I don’t mention the remoteness to lessen the area and I don’t mention the lack of Michelin stars to knock their gastronomy, the city is dotted with great restaurants. I mention it because it shows just how much chefs have accepted their growing roles as people who can effect real change in the food industry. Their acceptance of a ‘socially responsible’ motivated future and their willingness to travel huge distances for an opportunity to deliver what they see as important messages.
Each chef took the opportunity to deliver topics that centred on the future of food as they took a 15 minute tim slot to pass on ideas, share fears, dreams, dreads and regrets.
It was impossible to avoid the main themes that resonated throughout all the presentations: that chefs are fully embracing their responsibility away from the plate. That sustainability, in every aspect of the food industry - from staff to waste - is a problem that can no longer be debated without proper change and that without innovation, and lots of it, fine dining as we know it could quickly become a doomed dinosaur.
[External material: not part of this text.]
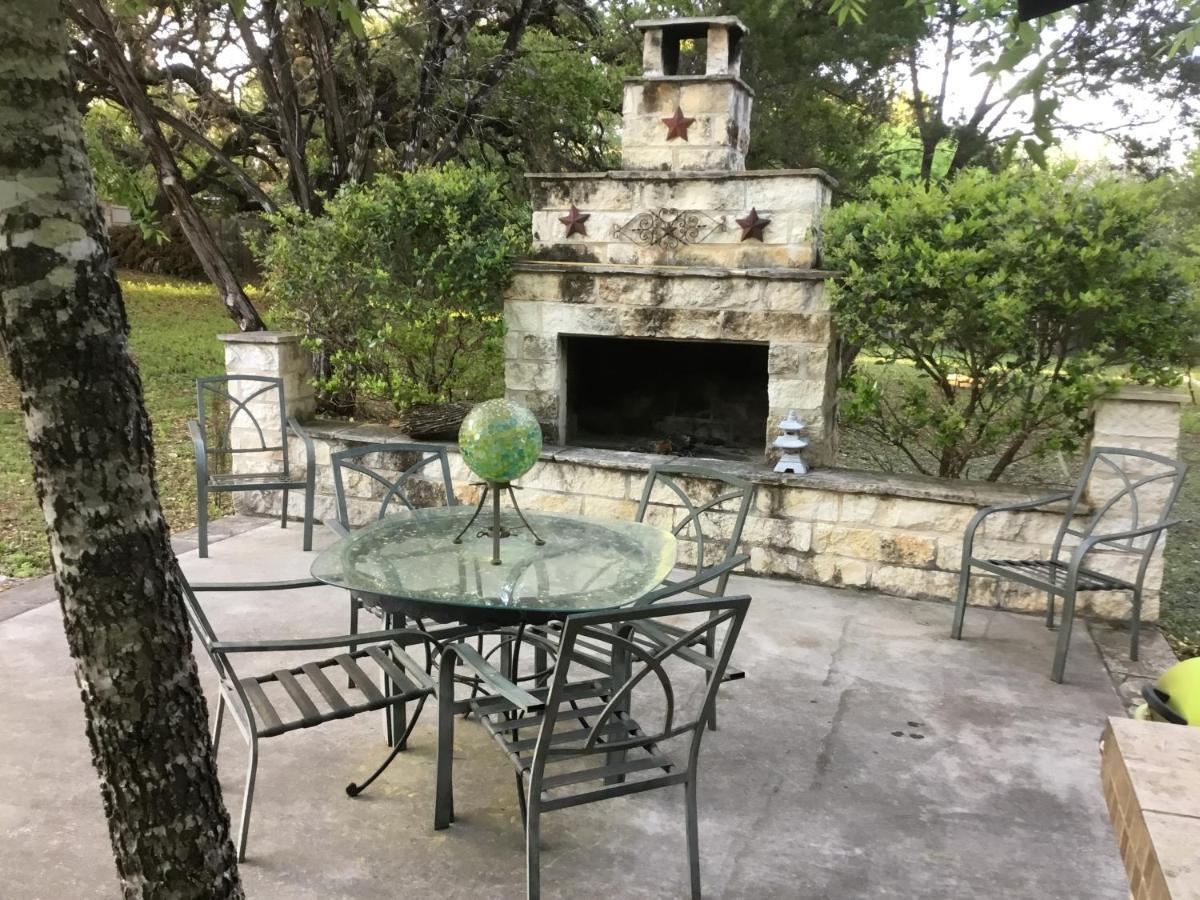 The Retreat Villa San Antonio Exterior photo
Daniel Patterson presented further details about his new fast-casual project with fellow chef Roy Choi called loco’l. An idea with the potential to revolutionise fast food in The States and a project with the potential to impact on what Patterson says are forgotten communities. He also used his chance on stage to talk about diversity in the industry and ask why 95% of the top chefs are white males. He hopes that some of local, black staff he will employ at loco’l will go on to work in and influence the industry at the very top.
S.Pellegrino Young Chef winner Mark Moriarty spoke directly to the generation of chefs that sit not below but above him. He talked about the shortage of chefs facing the industry at the moment and said that all chefs, especially those at the top, have a responsibility to change the culture of work in the kitchen. He said many young people avoid the industry because of the long hours, unforgiving settings, stress and lack of financial gains and asked that those who employ young staff help to improve this. In return, he said that young chefs also have a responsibility to commit to restaurants with passion, hard work and ate two years minimum work time.
This idea was echoed by Mikael Jonsson from the Hedone restaurant in London who spoke about how his small kitchen has seen over 100 chefs come and go in just a few years and just how hard it’s now getting to attract great culinary talents. To tackle this problem, Jonsson will drop to running just six services a week with the idea of created a better working environment and in turn retaining better staff. The same idea that motivated Sat Bains to recently drop his restaurant to operated just four days a week.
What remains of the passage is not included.